He explained that after talking with the ASFA deputy electoral officers and the CSU, they realized that their bylaws stipulated that general elections could not overlap with the CSU election campaign.
“Unfortunately the dates that we had chosen last week were not accepted [by the CSU],” said Gordon. “I can see that we cannot cross their campaigning period but as far as polling, that is still something that needs to be determined. We’re working day and night to try to find the best solution and get these polling days up and running.”
Due to procedural complications and a lack of communication since chief electoral officer Chris Webster resigned unexpectedly last Wednesday just before polling began, the electoral committee had originally chosen to move the polling dates until after reading week.
Gordon emphasized last week that the elections were “definitely not cancelled” but that “all voting that’s taken place so far has been voided.”
He went on to say that the complications, one of which was a technical issue with the computers at polling stations, made it impossible for “procedure to be followed to the fullest.” Gordon explained that students with minors in arts and science were not being recognized by the system.

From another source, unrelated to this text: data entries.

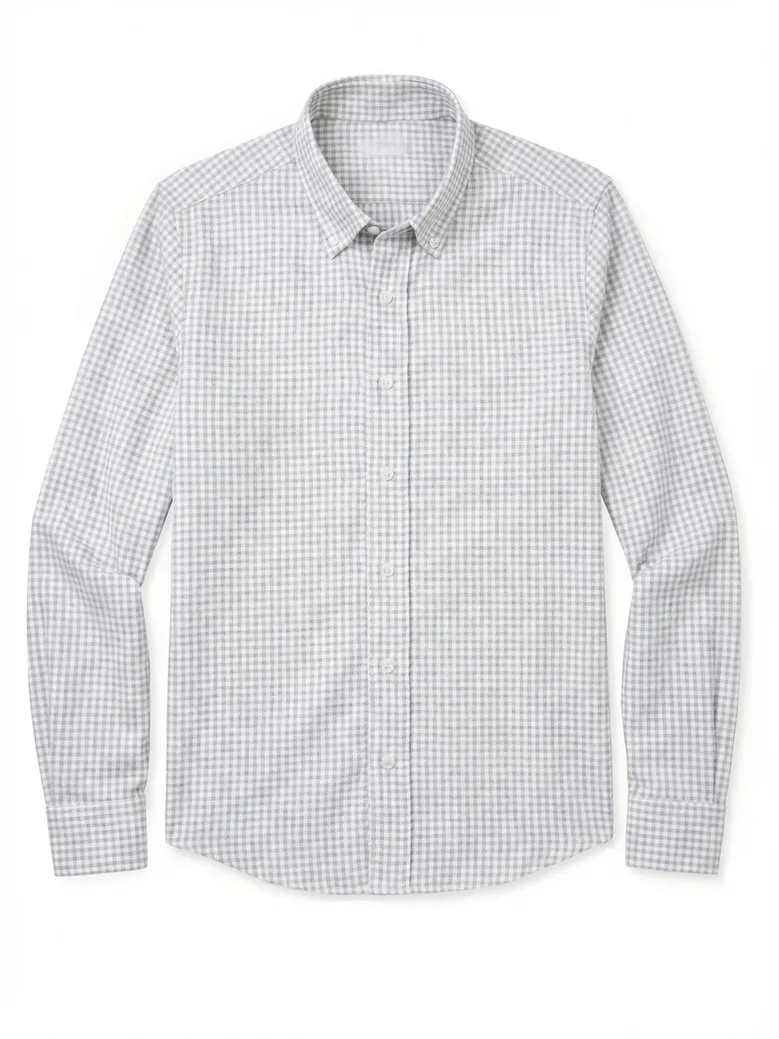 Camisa de popelina blanca lisa de fácil planchado
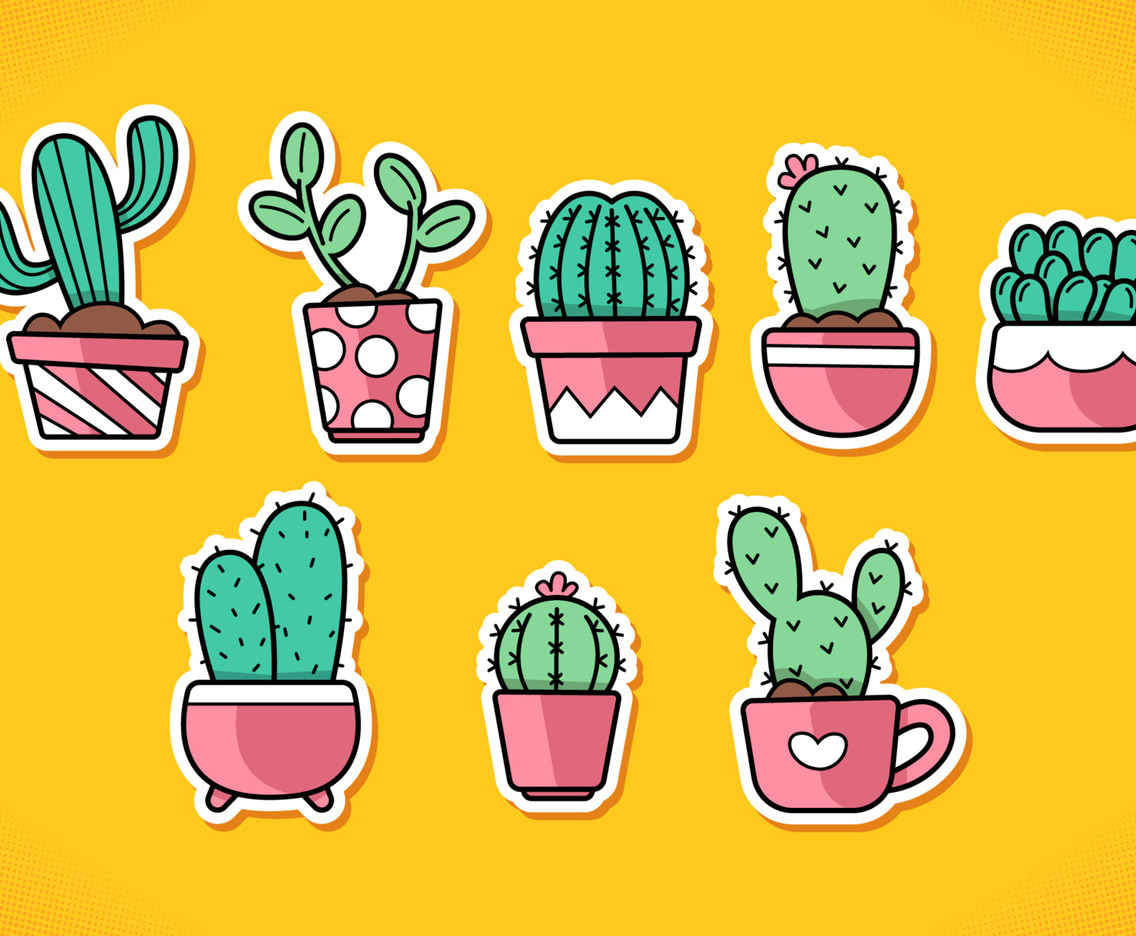 Various Succulents Stickers
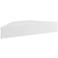 Emmeline 46 1/2" Wide White 3-Door Floating Corner TV Stand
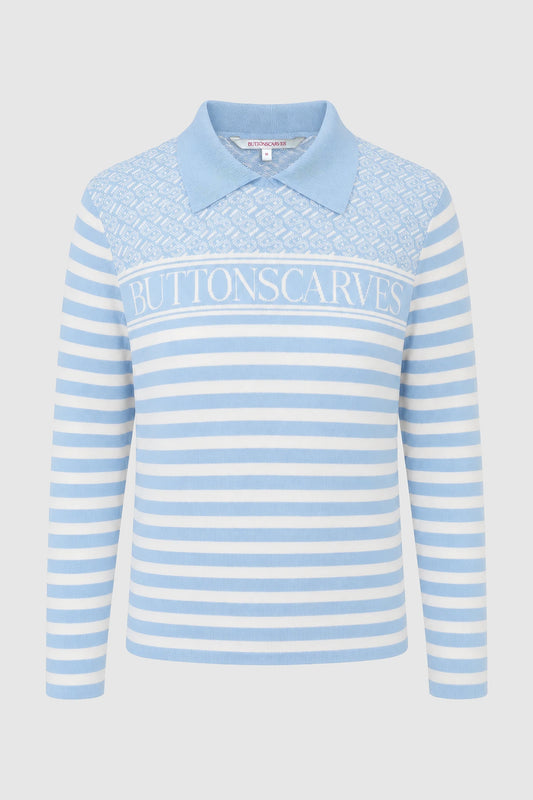 Tropical26 Polo Knit - Blue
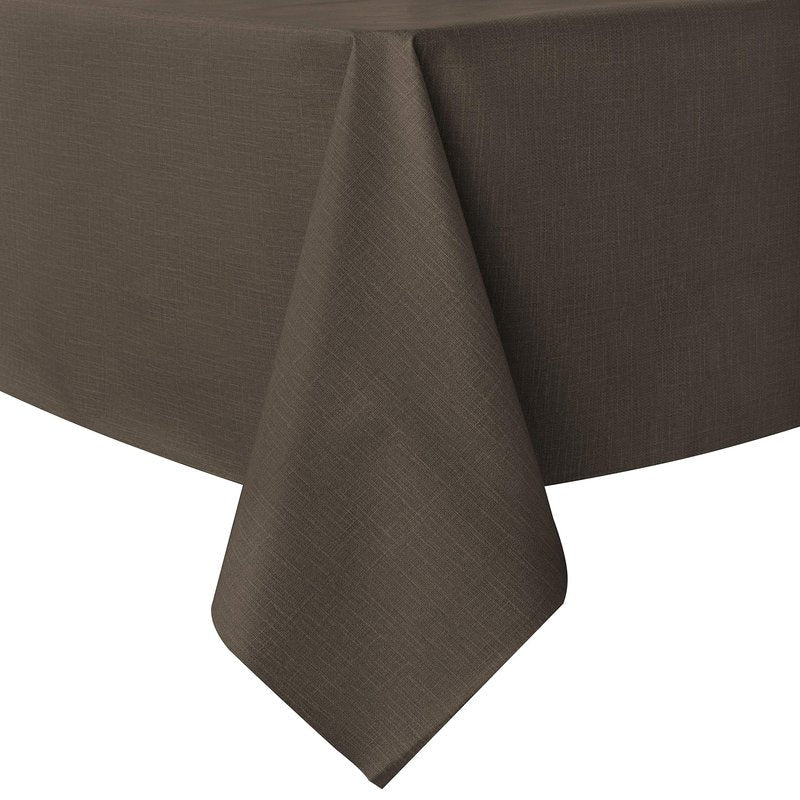 sancua 100% Waterproof Rectangle PVC Tablecloth - 70 x 90 Inch - Oil Proof Spill Proof Vinyl Table Cloth, Wipe Clean Table Cover for Dining Tables, Buffet Parties and Camping, Coffee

“We can’t legitimately count [the ballots],” he said.
Gordon explained that the deputy electoral officers will continue to oversee the process, advised by VP internal Schubert Laforest.
“I don’t foresee a new CEO being appointed,” said Gordon.
Posters still up
“Right now the election office is still in a transient process and the two other DEOs and myself are working hard to keep things running,” said DEO Luke Gerald. “The fact that the posters are still up represents a grey area in terms of campaigning bylaws, being that the polling stopped and was postponed.”
According to ASFA President Alex Gordon however, the omission does not implicate serious consequences as it does not violate any specific rules or bylaws, especially considering the current situation.
“I wouldn’t foresee that as a violation of campaigning rules in the sense that the elections aren’t done yet,” Gordon explained. “Unless certain posters would have been taken down and would have favoured a candidate over another, there is no real violation of the bylaws.”
Gordon said he was not sure what was going to happen regarding this particular issue, but put the problem in the context of a more alarming situation.
“I assume they will be taken down relatively soon but in the situation we are in right now and given the extenuating circumstances, I don’t see a real issue with it,” he said.
During a phone interview, Gerald also added that the ASFA DEOs were looking into hiring someone with more electoral experience and a better understanding of the process involved in order to help them run the general election.
One of the reasons Webster resigned as CEO was because he disagreed with a decision rendered by ASFA’s judicial committee regarding executive candidate Eric Moses Gashirabake’s desire to switch positions during the original campaign period in early February.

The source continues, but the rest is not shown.